Another way out for Japanese electronics firms is to look for meaningful innovation. For instance, who would have thought that Apple, which almost went on the brink of collapse in the 1990’s, would rise to become the most important electronics-technology company today? Apple came back to the limelight when it revolutionized portable music players in early 2000’s by releasing the iPod, which evolved into the iPhone and the iPad. This innovative streak brought Apple back as a major player in the electronics-technology industry.
Sony itself has a rich history of innovation, creating the likes of Walkman and PlayStation. Innovations like these create new markets, which drive the growth of a company. Unfortunately, Sony’s creative side seems to be in a state of malaise; we haven’t seen any ground-breaking innovation from the company in the past few years.

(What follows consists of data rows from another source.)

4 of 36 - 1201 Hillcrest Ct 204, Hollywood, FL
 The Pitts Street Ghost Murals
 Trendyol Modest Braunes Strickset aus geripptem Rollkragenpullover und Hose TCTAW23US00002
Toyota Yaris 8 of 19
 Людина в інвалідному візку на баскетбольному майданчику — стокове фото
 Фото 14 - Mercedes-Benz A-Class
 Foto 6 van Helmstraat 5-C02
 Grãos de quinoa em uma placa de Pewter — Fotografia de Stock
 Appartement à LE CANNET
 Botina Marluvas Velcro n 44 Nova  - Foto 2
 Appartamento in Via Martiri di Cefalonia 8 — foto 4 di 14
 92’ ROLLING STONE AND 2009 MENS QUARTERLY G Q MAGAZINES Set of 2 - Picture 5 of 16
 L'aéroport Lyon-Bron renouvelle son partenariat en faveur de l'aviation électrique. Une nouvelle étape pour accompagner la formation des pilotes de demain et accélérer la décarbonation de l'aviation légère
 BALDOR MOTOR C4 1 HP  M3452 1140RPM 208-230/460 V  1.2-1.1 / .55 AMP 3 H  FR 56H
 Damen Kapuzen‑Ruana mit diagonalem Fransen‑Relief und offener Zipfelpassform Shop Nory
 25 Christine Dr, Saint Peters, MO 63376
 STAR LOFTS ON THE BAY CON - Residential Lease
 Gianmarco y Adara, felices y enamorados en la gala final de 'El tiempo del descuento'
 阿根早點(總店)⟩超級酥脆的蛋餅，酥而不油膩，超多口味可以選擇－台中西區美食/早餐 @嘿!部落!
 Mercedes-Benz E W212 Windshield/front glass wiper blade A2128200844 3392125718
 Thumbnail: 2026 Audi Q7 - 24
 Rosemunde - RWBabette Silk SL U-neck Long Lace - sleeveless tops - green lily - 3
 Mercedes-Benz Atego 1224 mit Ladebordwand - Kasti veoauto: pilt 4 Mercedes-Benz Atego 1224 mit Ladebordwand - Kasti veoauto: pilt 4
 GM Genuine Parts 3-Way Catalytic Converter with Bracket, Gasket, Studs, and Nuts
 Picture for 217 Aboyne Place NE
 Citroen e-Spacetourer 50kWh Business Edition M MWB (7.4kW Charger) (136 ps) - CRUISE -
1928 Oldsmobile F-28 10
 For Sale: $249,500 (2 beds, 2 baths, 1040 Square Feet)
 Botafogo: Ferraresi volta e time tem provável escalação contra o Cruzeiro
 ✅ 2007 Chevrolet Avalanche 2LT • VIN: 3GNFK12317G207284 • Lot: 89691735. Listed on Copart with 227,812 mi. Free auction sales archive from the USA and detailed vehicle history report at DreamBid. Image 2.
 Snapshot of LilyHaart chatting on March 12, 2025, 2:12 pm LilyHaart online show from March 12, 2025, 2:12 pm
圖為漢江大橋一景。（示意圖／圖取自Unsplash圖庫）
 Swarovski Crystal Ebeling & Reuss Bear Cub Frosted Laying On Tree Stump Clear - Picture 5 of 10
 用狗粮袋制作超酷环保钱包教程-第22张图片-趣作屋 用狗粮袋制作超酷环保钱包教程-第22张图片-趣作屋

Finally, perhaps Japan’s titans should give the home appliances and consumer electronics market up and find another niche. Samsung and Changhong can produce LCD TVs efficiently, but they are trailing their Japanese counterparts in terms of developing sophisticated high technologies. Japan, for instance, is a pioneer in the development and production of the Lithium-Ion battery, which is at the center of the quest to come up with durable batteries for electric cars. Perhaps focusing on these kinds of high technology production, on which Japan has an overwhelming comparative advantage, is the best way to revive Japan’s electronics industry.